Forever Yogurt opening in the Lakeview neighborhood of Chicago, IL on April 14, 2012.
For many businesses, grand openings are a chance to plan an event that the community can get involved in. For instance, Forever Yogurt, Chicago’s first self-serve frozen yogurt franchise, recently began a tradition for their grand openings called the “50/50” promotion. The first 50 people to come through the Forever Yogurt doors will receive free frozen yogurt for a year, and all purchases on grand opening day are 50 percent off.
“The reason we decided to make this a tradition for all of our grand openings is we found it to be really effective,” says Mandy Calara, founder and CEO of Forever Yogurt. “It generated more buzz and provided a visual opportunity for media outlets to cover the opening. And although every customer that comes through the door gets 50 percent off, the promotion still manages to generate revenue because the promotion is bringing more people through our doors.”
Chick-fil-A may be the innovator who first offered free food for a year to those that would wait for it. When a Chick-fil-A restaurant opens, fans often camp out 24 hours early in the restaurant’s parking lot for a chance to be one of 100 to win free chick-fil-a for a year. Now in its ninth year of the promotion, it turns out that customers aren’t just camping out purely for the product but also for the experience itself.
Brands that stay true to their culture and fan following have extremely successful grand openings. Catering to their 18-34 year-old demographic, Toppers Pizza also rewards the first 50 guests in line free food for a year and creates a party-like atmosphere where their customers would want to spend their time.
“Toppers is not your cookie-cutter pizza shop – our brand is fun and irreverent, and our grand opening events reflect that,” said Mac Malchow, marketing coordinator at Toppers. “When we open a location, it is truly a celebration. We throw a party for our customers to celebrate another store opening and reward our fans for their brand loyalty, unlike the average pizza chain.”
Toppers launched their ‘free pizza for a year’ promotion on New Years’ Eve of 2005 at their Wauwatosa, WI location, and since then have followed suit, throwing a party for locals, giving out prizes, feeding the line and entertaining those who choose to wait over 24 hours in line, all in the name of free pizza.

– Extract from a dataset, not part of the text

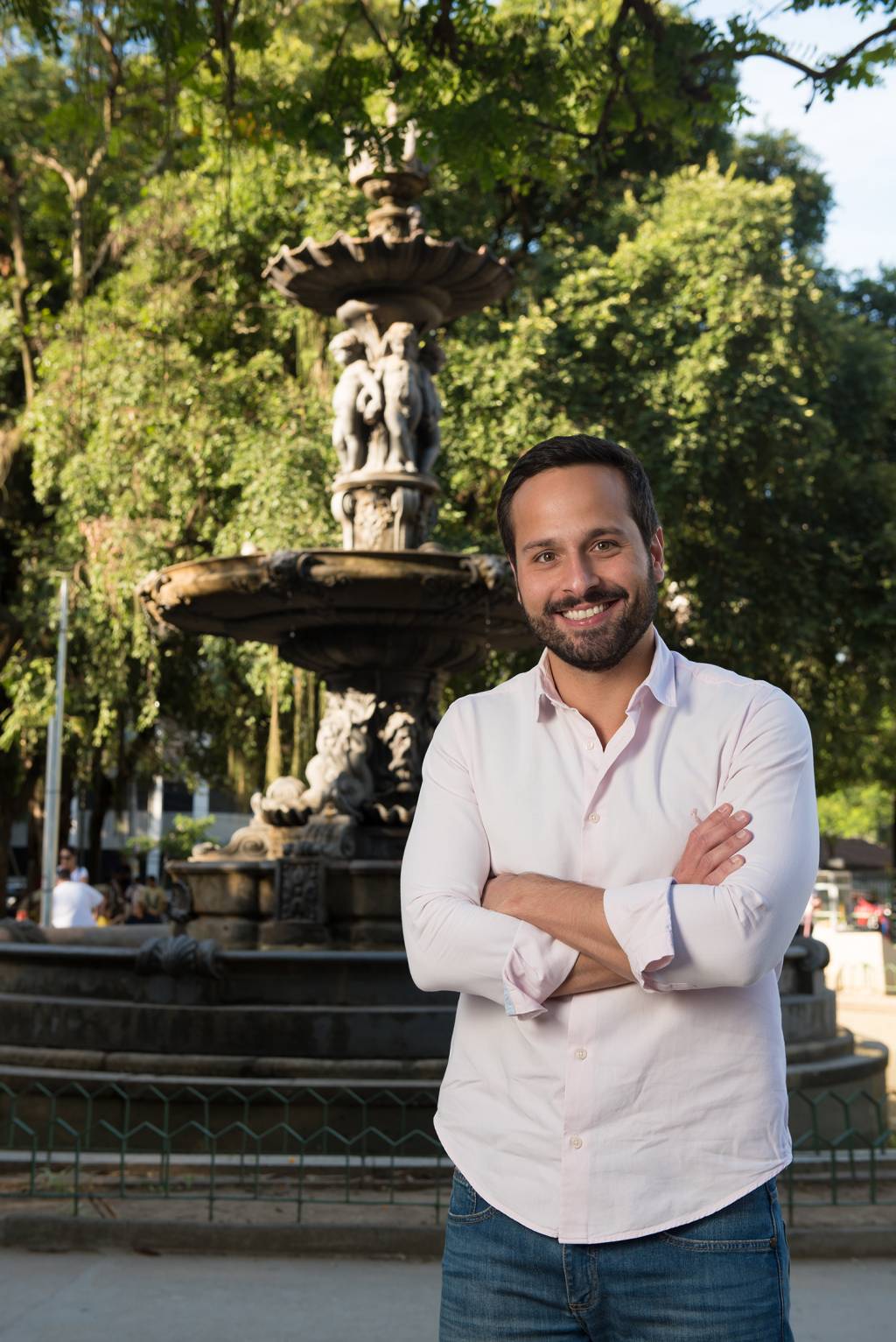 Diplomatas se reúnem para despedida de Marcelo Calero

Toppers opening in Downer’s Grove, IL on April 21, 2012
“The grand opening event for Toppers certainly helps with brand awareness, as local media and the social media atmosphere blow up when a Toppers is coming to town,” said Malchow. “The event creates more of an immediacy for the community to try Toppers sooner than later, just to see what all the buzz is about. Not only do the stores see a strong grand opening day, but sales afterwards are strong in the aftermath of the grand opening event.”
Calara says that alerting new customers that the business is open is not the only purpose for a big grand opening event.

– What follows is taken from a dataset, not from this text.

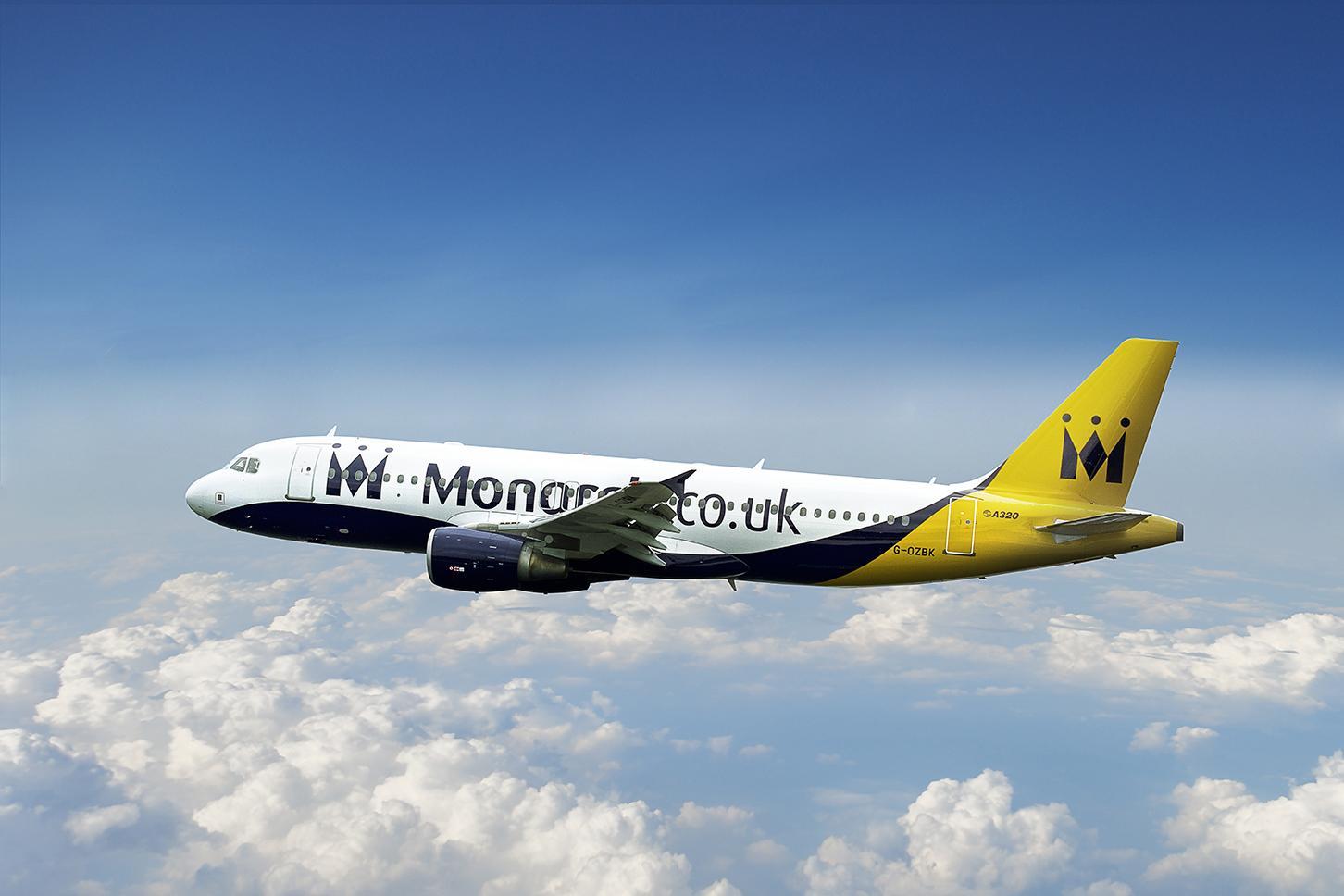 Monarch Airlines İflas Etti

“Not only do we want to introduce ourselves to potential customers who are unfamiliar with our brand, but we want to alert our solid fan base where each of our new locations is located. Those fans will bring in business while we’re waiting for new fans to convert over to Forever Yogurt fro-yo fanatics.”
Eric Dinger is the founder of Thought District, a creative strategy agency that builds and revitalizes brands across more than 20 industries, including expertise in manufacturing, franchise and financial services. Dinger stresses the importance of creating a lasting impression of the brand during a grand opening event.

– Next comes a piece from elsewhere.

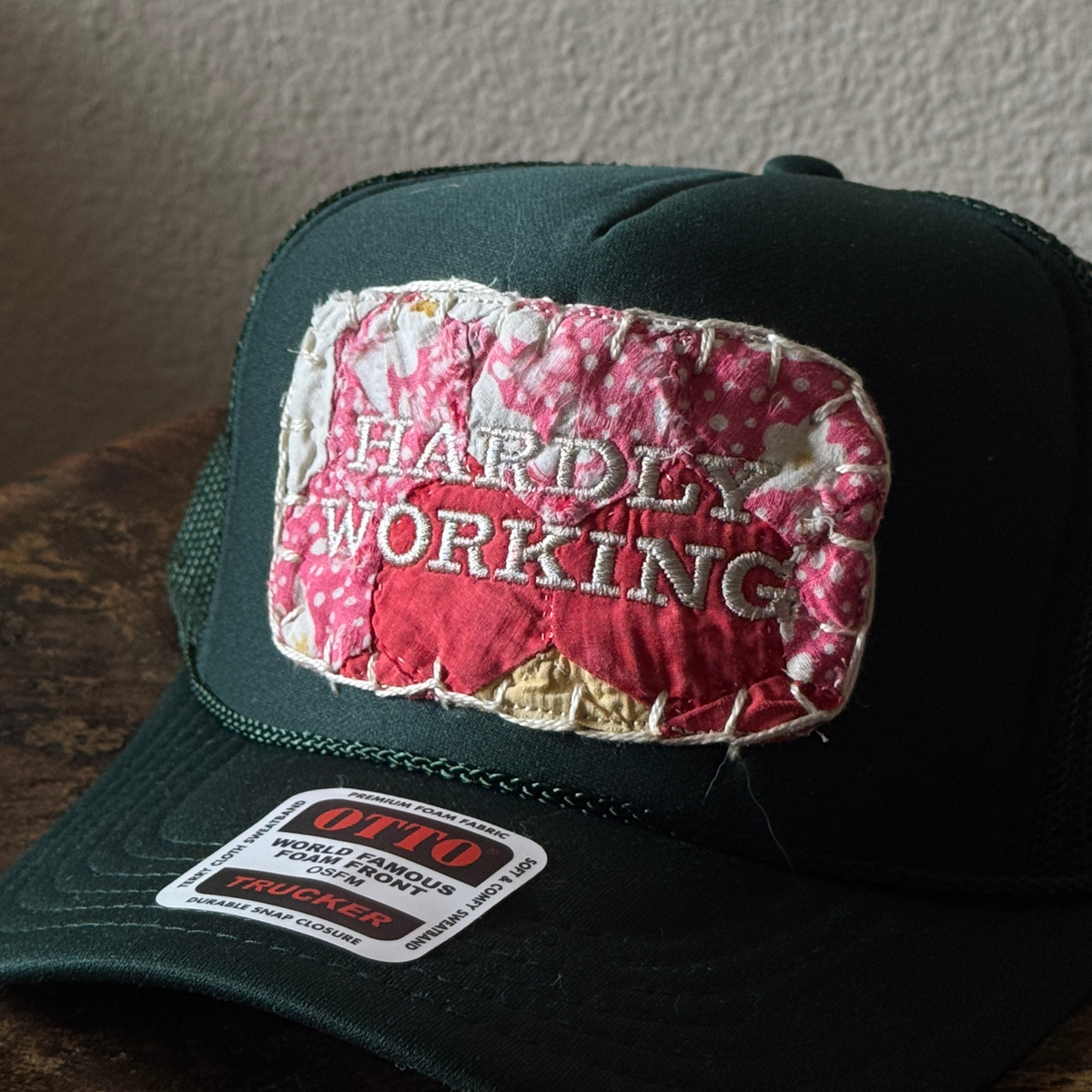 Working Hard Hat (09)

“It’s key for franchisees and franchisors to embrace the fact that everything communicates. Each and every time a customer sees a person, a promotion, a piece or a place, they’re subconsciously forming an opinion. Grand openings often include each of those and thus must help a brand deliver its promise. Our parents taught us first impressions last a lifetime. It’s no different for a brand,” says Dinger.
Dinger brings up the point that the way brands start is often the way they stay. That means if they get a slow start, they often remain slow. If they start fast, they often build on that momentum.
“Thought District builds what we call GO! Campaigns for our clients to combat this challenge. Creating awareness often includes finding large groups of your audience and engaging them. For example, a nutrition concept might do a special pre-opening event for members of a neighboring gym.”
After the promotion is over, it’s vital to continue involving the community and enticing the public to come back. “Teach your franchisees that pre-opening effort is just as important as post-opening effort,” said Dinger.